İslâmiyet; insanın hem rûhî, hem de maddî refâhını te’mîn edecek bir ahlâk getirmiştir. Bu mukaddes dîn, sâdece fert ile Allah arasında râbıta kurmakla kalmayıp, fertlerin birbirlerine, hattâ insanlık câmiasına karşı haklarını ve vazîfelerini de tanzim eder, hep ileriyi gösterir. İlericiliğin ve dinamizmin mümessilidir. Bu dîn, bütün insanlığı saâdete kavuşturacak prensiplerden ibârettir. Sosyal adâlet esâsları üzerine kurulmuştur. İslâmiyette sınıflaşma yoktur. Müslümân olan herkes aynı haklara, aynı i’tibâra sâhiptir. Adâlet karşısında devlet reîsi de, çoban da eşit haklara mâlik olup eşit mes’ûliyetler taşırlar. Bir kişinin veya belli bir cemiyetin değil, bütün insanlığın hür ve medenî bir hayât seviyesine ulaşmasını emretmekte, bunun için de ictimâî (sosyal) adâleti esâs tutmaktadır. İslâmiyet insanların mukadderâtını, muayyen, müstekâr, hiç değişmeyecek olan sağlam bir adâlet temeline bağlamıştır. Halkın mukadderâtını tesâdüfe, şansa değil, beyâza-siyâha ve doğuya-batıya yayılan eşit haklara, âdil hükümlere bağlamıştır. Ancak İslâmiyetin bildirdiği sosyal adâletin, sosyalizm ve komünizmle hiçbir alâkası yoktur.

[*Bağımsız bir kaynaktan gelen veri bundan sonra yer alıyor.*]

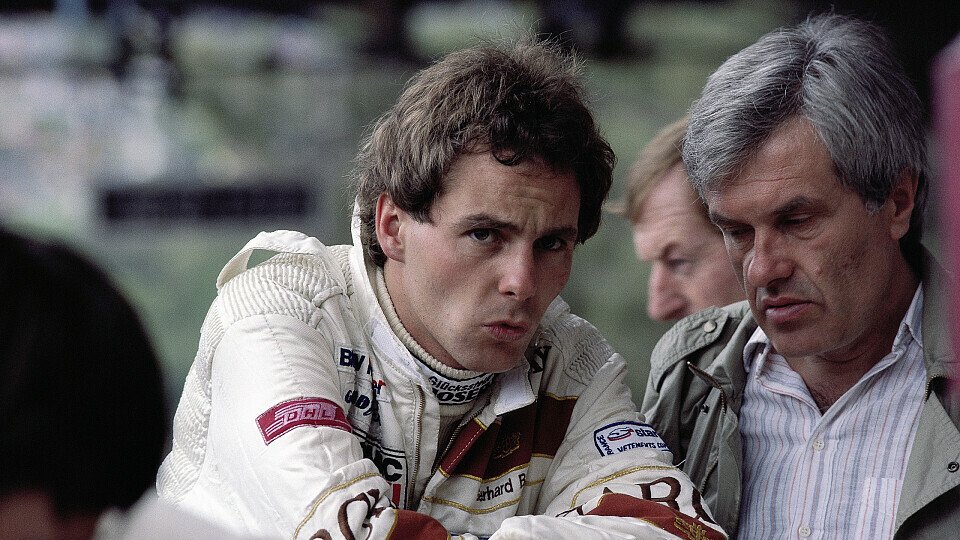 Arrows-Pilot Gerhard Berger spricht in der Boxengasse von Monaco mit Journalist Helmut Zwickl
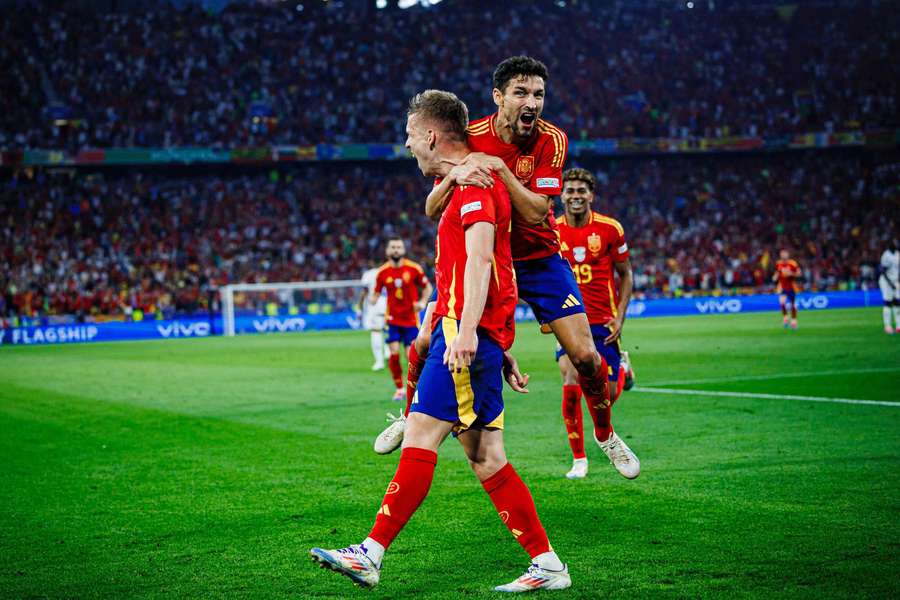 Dani Olmo, felicitado por Jesús Navas tras su gol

İslâmiyet, komünist ve kapitalist düşüncelerin tam ortasını bildirmiş, bir yandan zenginlerin fakîrlere yardımını emretmiş (zekât gibi), bir yandan da bütün insanları biraraya getirerek (hac gibi), fakat aynı zamanda onların dürüst olmalarını sağlayacak, ya’nî disiplini de koruyacak dünyâda düşünülebilecek en mükemmel sosyal hayâtı ta’yîn etmiştir.
Allahü teâlâ, İslâm dînini hayâtın yürümesini, ihtiyâçların değişmesini karşılayacak, terakkîleri sağlayacak esâslar üzerine kurmuştur. İslâmda, modern ilimlerle tezata düşen (zıt gelen) hiçbir nokta yoktur. Emir ve telkîn ettiği bütün husûslar, tamâmıyle mantıkî ve akla uygundur. Fen adamlarının hayâtları boyu uğraşmalarının sonucunda elde ettikleri ilmî gerçekler, İslâmiyete tam uygun çıkmakta, diğer dînler ise bu hakîkatlere ters düşmektedir.
Bozulmuş olan diğer dînler, yalnız ma’neviyâta hitâp eden bir takım mistik ideallerle doludur. Bunların hakîkî hayât ile hiçbir alâkası, ilgisi yok gibidir. Hâlbuki İslâm dîni, insanın hayâtta ne yapması gerektiğini de öğretir. İslâm dîninin emirleri, insana yalnız âhiretle ilgili değil, aynı zamanda dünyâda da hayâtın her safhasında doğru yolu gösterir. İslâm, tamâmiyle tarafsız ve ancak insanların iyiliğini isteyen, yüce Allah’a kul olmayı emreden bir dîndir.